This tradeoff can extend to how we choose the size of our training and test sets, and even how many times we create a training and test set. Remember how we used this code to create an index that contained 80% of the values, which we then used to create our split?
ts_split <- createDataPartition(ts$churn, p = 0.8, list = FALSE)How come we didn’t choose p = 0.5 thus splitting half of our data into a training set and the other half into a test set? Why not p = 0.9 and make a tiny test set of only 10% of our data? Too big of a training set (i.e. make p big) can overtrain your model and underestimate test error as you have only a small set of training data to test on. Those data points may by chance miss extreme values that the model would perform poorly on. On the flip side, a small training set would encourage an undertrained model whose performance depends on again what data wound up in that training set!
10.1 Why cross-validation?
You can probably see from the above that the issue is that your model performance can depend not only on the size of a split, but also what data wound up in that split. When you generate your split using createDataPartition() there’s a pseudo random number generator that randomly grabs 80% of the row values (which you use to split). What if that one time you ran it it by chance missed some extreme values which then fell into the test set? What if it by chance captured all the extreme values in the training set? The key idea is that random things happen, and you want to make sure any random event doesn’t give you a biased view of your model performance.

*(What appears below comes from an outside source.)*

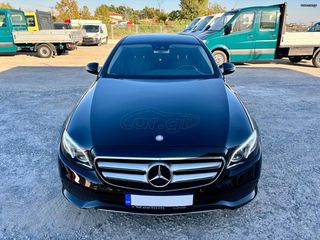 Mercedes-Benz E 200 2017 AVANTGARDE 9G-TRONIC-thumb-5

Figure 5.2 does a good job illustrating how our test error can vary wildly if we only use a single split. Each one of those lines represents a single split where the test error (average difference between the true target value and estimated target value) was calculated across a range of models that differed in flexibility (i.e. the number of parameters). They key thing to focus on is that the height on the y-axis (the error) differs greatly each time. This is due just to randomness in the split each time!
5.2 -right side
How do we get around this? Well, let’s make multiple training sets each with a randomly generated set of index values to split with! This way we can make sure our test error is stable across splits. If it is, it indicates that our split size and model is stable. If our test error jumps all over the place, we need to think about these two things.

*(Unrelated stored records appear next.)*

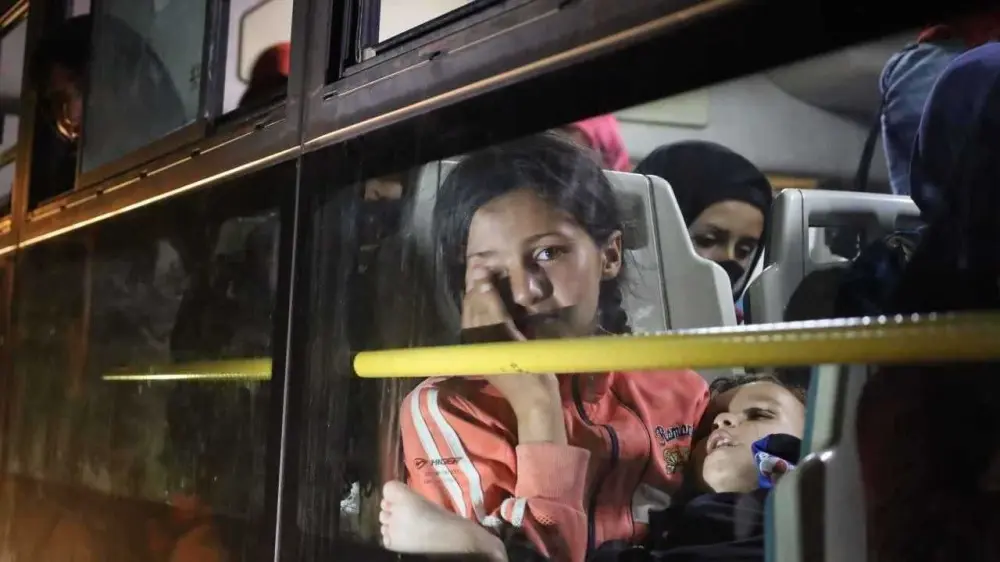 نازحو السويداء في السيدة زينب: حرمان كامل وسط صمت رسمي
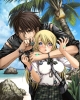 Btooom!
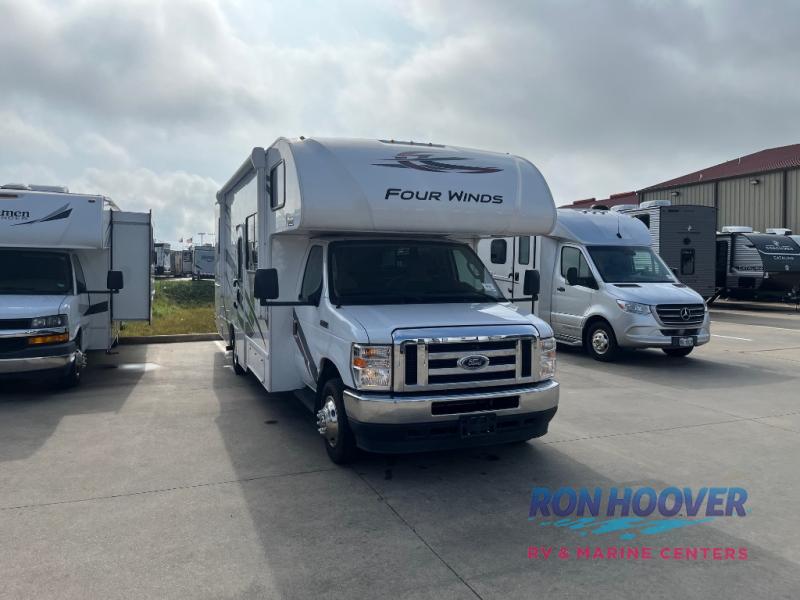 2024 THOR MOTOR COACH 28A - Image 4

10.2 How many splits - from 1 to LOO
Your book talks about three methods to split your data. One is essentially what we’ve been doing so far where we make a single split and test our model on the training and test set. The other extreme is what’s called Leave-One-Out Cross-Validation or LOOCV. There are two terms there. First, Cross-Validation refers to the process of just splitting your data more than once and validating your model on those various splits (i.e. you validate across splits). The Leave-One-Out is saying that you make the size of your training data set = \(n - 1\) and then your test data set is the single point not in your training data. You calculate the test error with that single point and then go and repeat this process where every single data point will be the test points and all the rest will be the training data. Thus you will split your data \(n\) times and then train/test your model \(n\) times. Your error is then the average error for each time you train/tested!
Figure 5.3 from your book does a great job illustrating how you make multiple fits (each row) where your test set of \(number\:of\: observations - 1\) is the blue area in the row, while the test observation is the tan area. You do this \(n\) times where \(n = number\:of\: observations\)

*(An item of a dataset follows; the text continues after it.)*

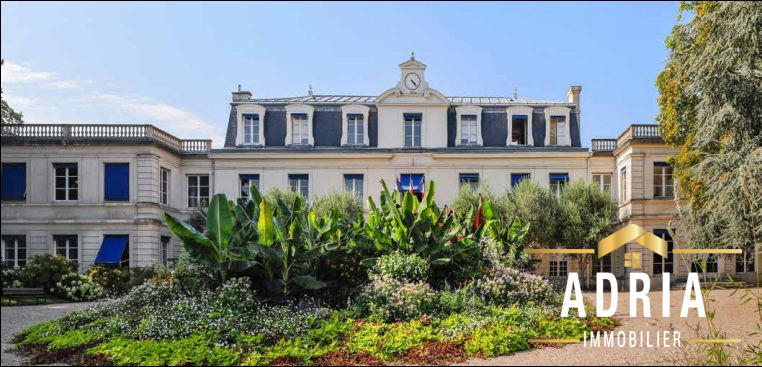 Appartement - 82 m² - 4 pièces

10.3 k-fold cross-validation
A clear issue with LOOCV is that you have to train a model \(n\) times where \(n = number\:of\: observations\). If you have a million or billion rows of data that would mean training a model a million or billion times. Thus, LOOCV can get out of hand really quick.
A nice balance between the single split method and LOOCV is K-Fold Cross-Validation. \(K\) is simply the number of times (or folds) you split the data and then test the error. A commonly used \(k\) is 5 or 10, and thus you’ll split/train/test your data 5 or 10 times, calculating the error in each split. If your error is stable, you’re good. If not, you need to think more about fit or how big your training/test split is. Overall this balances the computational simplicity of a single train/test split with getting a good idea that your model is estimating error accurately (without going to the extreme of LOOCV).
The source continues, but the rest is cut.